The central question has shifted. It is no longer whether growth needs a bit more oxygen. It is whether the country should be preparing for demand destruction rather than greasing the wheels of demand transmission.
The external account story is where the optimism looks most brittle. Even before the war, the improvement in the current account relied heavily on remittances and official inflows rather than deep structural export strength.
The reserve build-up was real, but it was conditional and financing-dependent. Now add a Gulf-centered war, disruption to regional trade and travel, repricing of shipping and insurance, and a broader hit to confidence.

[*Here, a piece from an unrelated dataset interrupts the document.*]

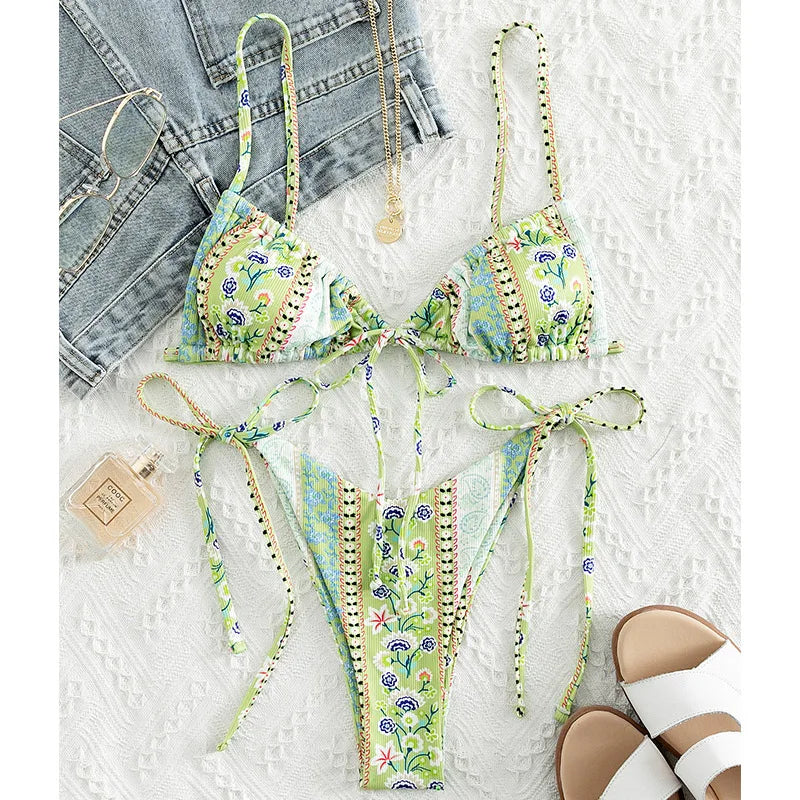 Floral Femme Print Bikini  -multiple colors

In that setting, treating remittance growth and goods exports as though they will proceed on something like business-as-usual terms is not prudence. It is hope masquerading as baseline forecasting. More than half of Pakistan’s remittances originate in Gulf economies.
A meaningful share of goods exports is also tied to the region. Even if oil-producing Gulf states do not enter recession, settlement delays, shipping bottlenecks, insurance repricing, and labour-market uncertainty are hardly conditions under which one serenely assumes continuity.
Then there is the theatre of austerity. Pakistan does not get fiscal austerity by shifting work schedules, changing iftar venues, or trimming ceremonial excess. It gets austerity by cutting the bloated footprint of the state, hard-pruning nonessential expenditure, and refusing to use every crisis as a pretext for fresh political spending. That, of course, is precisely what the system struggles to do. So the burden of adjustment is pushed disproportionately onto consumers through higher prices, while the machinery of the state remains structurally obese and politically protected.
That is why this episode feels so jarring. This is the same SBP leadership that helped pull Pakistan back from the edge of external default, drove inflation down from crisis highs, rebuilt some reserves, and restored a path toward stabilization. Its pre-war framework was not fantasy. Inflation had fallen sharply, the current account had stabilised, and growth was finally beginning to revive.
The trouble is that the path they worked so hard to build now requires a different instinct. It requires them to accept that preserving that path may mean braking it. And that is always the hardest pivot for policymakers to make. Nobody likes tightening into a recovery they spent two years rescuing. Nobody likes admitting that a growth story is suddenly conditional again.
But hope is not a strategy. If the war fades quickly, oil retraces, and the shipping shock proves temporary, then this hold will be defended as a measured pause. If the conflict persists, this decision will look like something less flattering: a central bank hoping that an external shock will remain polite enough not to force a rethink.
Monetary policy cannot outsource adjustment to fuel pumps, cosmetic government circulars, and deferred oil facilities while insisting that inflation and the external account are still “broadly” where they were expected to be. Either the war is serious enough to change the stance, or it is not. Right now, SBP is trying to say both.